The “massiveness” in an open online course was never intended to be the case in the traditional connectivist MOOC, and also not the case of AI, as Professor Sebastian Thrun mentioned it. To scale up the experience does impose challenges for educators and learners, as we have learnt and experienced in past MOOCs. What might be the threshold of such students-to-educators ratio? In small groups , it seems that the optimum size would be 30. However, in a MOOC, what is more important is how the learners could connect with the artifacts, professors, experts, knowledgeable others and peers, in order to interact and learn in a such a platform. The learners need to be aware of the choices he or she has, when learning in a MOOC, and this could be a huge challenge for the educators facilitating or teaching in such platform, in that these need to be “explained” up-front, or be explicit in the MOOC design.
I still think “flipping the classroom” has been around for years, so using short videos for teaching is just another way to cater for the learners needs. To encourage people to make more short videos lectures and artifacts open to public (say posting on Youtube, slideshare) is an excellent attempt to teach and learn in a digital world. Refer to this post on Khan Academy for the critique.
Here in Classroom Lectures Go Digital:
Michelle Rinehart, a mathematics and science teacher at Rankin High School in Rankin, Texas, started “flipped” teaching and created video lessons for her students a year ago. “It’s not about the videos — it’s about the powerful class time we regain for higher-order thinking activities,” she said. “Students appreciate the increased assistance and collaboration they receive with this model.”
She emphasizes the importance of making her own videos rather than taking others’ work off the Internet.

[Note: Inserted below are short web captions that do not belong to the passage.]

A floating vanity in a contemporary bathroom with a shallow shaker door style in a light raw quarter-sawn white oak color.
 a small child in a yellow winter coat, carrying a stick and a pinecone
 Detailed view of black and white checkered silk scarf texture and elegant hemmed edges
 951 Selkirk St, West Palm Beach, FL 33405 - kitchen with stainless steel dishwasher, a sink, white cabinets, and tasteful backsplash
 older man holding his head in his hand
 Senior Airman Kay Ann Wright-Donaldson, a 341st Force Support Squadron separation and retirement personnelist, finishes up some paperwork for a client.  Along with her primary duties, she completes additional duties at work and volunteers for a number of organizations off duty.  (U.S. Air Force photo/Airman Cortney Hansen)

Teaching via video is not new. Open University in Britain has offered distance higher education since the early 1970s, mostly through television and video in the beginning, and now through the Internet.
What I am concerned is the empty promise of “flipping the classroom” just to add another new name to digital pedagogy, leading it to become just another “fad” in the design and delivery of online education & learning, without critical examinations, evaluations and reviews of the pedagogy. As shared, the underlying principles of flipping the classroom should be based on a focus on the learners’ learning, with a balanced learner-centred approach where teaching and learning is situated. Here learners could make an informed and “wise” choice, and be (and thus becoming) an autonomous life-long learner, as a result of the teaching/learning. This is where self-directed and organised learning could be coupled with COP (Community of Practice), NOP (Network of Practice), where peer-to-peer learning could be leveraged, in networked learning, and under a networked learning environment and platform such as MOOC.
3. More Inputs, Not Less, Equates to Better Educational Quality: We will not find a magic bullet that will lower the cost of higher education the way Moore’s law has lowered the price of microprocessors. Higher education is costly because real learning relies on relationships and dialogue, and the educator side of this equation is expensive. As a society we need to find the political will to invest more dollars in higher education, not less.
Using an economic model to evaluate education (higher education) is both necessary and important, as that seems to be one of the deciding factors of higher education – in terms of its added value to community and society. The problem of education is still economic, as cited by George in his post on the future of education and the imponderables.
Sir Ken Robinson in this education video highlights the economic and cultural aspects that education is trying to address:
Are MOOCs a way to challenge or disrupt the current education system? May be the educator side of the equation is expensive, as we still need professors and expert educators to design and deliver the MOOCs. Presently, more than 100 million dollars have been invested in the various x MOOCs.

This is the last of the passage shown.